NZ Māori Council further distances itself from Matthew Tukaki

July 4, 2022

It says some members were concerned with the way he publicly represented his role in the council.

The New Zealand Māori Council has further distanced itself from former representative Matthew Tukaki, clarifying he held senior roles but never a position as its head.

It comes after some members say they were concerned with the way he publicly represented his role in the council.

On Sunday night, a 1News investigation revealed checks were not required or done on Tukaki's CV before he was appointed to a key government role.

Oranga Tamariki Minister Kelvin Davis appointed Tukaki in 2021 to lead a ministerial advisory board, and said one of the reasons his CV wasn’t requested was because of his role as "Head of the Māori Council". The massive task was to fix a ministry that Māori had lost confidence in.

"In terms of the quality of the work that was produced I have absolutely no concerns whatsoever. It was an amazing bit of work that the whole ministerial advisory board did. They produced an incredible report, Te Kahu Aroha which has influenced the future direction plan of Oranga Tamariki," he said.

"I have confidence in the direction Oranga Tamariki is moving in because of the work they did."

But 1News can reveal that Tukaki has had to pay back $60,000 after he over-charged Oranga Tamariki.

That's despite a Cabinet paper clearly saying he would be paid $1000 per day.

Louis Houlbrooke from the Taxpayers' Union told 1News: "In this case, it's explicitly laid out that it's $1000 per day …now you'd think it'd be pretty easy to figure out if he'd done an extra 60 days of work, but apparently no. They misinterpreted these very simple rules, overpaid him by $60,000."

Asked if he was invoicing for "ghost hours", Tukaki said he wasn't.

"No, I was not invoicing for ghost hours at all. My record will show I was working around the clock, and I wouldn't labour anybody to challenge me on that."

Tukaki says there was incorrect advice and no induction from Oranga Tamariki.

"We've been given some advice about how to submit invoices about pro-rata’d hourly rates of payments and it wasn't just me, it was overpayments to all of our board members.

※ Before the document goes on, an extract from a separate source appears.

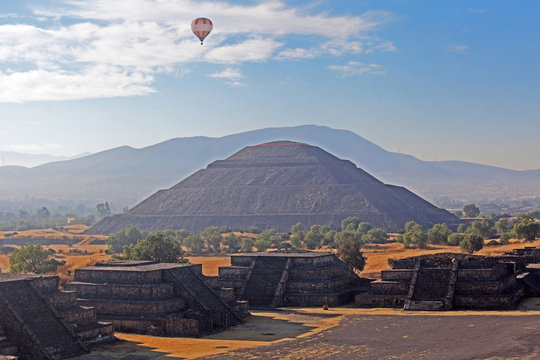 Pyramid of the Sun, Teotihuacan, Mexico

"Mine was the largest overpayment of them all, for no other reason, then for the first couple of months, and I was doing a significant amount of heavy lifting,” he said.

Oranga Tamariki chief executive Chappie Te Kani apologised for the organisation not spotting the overpayments.

“So he has to take ownership for the misbilling. We have to take ownership for having poor controls in place that should've caught it,” Te Kani said.

Oranga Tamariki made mistakes with the GST calculations of other board members which they had to pay back as well.

But 1News understands the amounts were in the region of $1000 to $2000.

Te Kani said the amounts do not approach anywhere near $60,000, but that they were “unfortunate amounts”.

"The difficulty we had with the board was …which again we had to apologise to them, it came back to our financial controls. We treated their GST wrong for their payments which meant they had to pay more money."

Oranga Tamariki says it’s since done an audit of its own processes and that Tukaki paid the $60,000 back by the time he left in April.

Both Tukaki and Te Kani both say Tukaki did not resign from his Oranga Tamariki role because of this overpayment issue.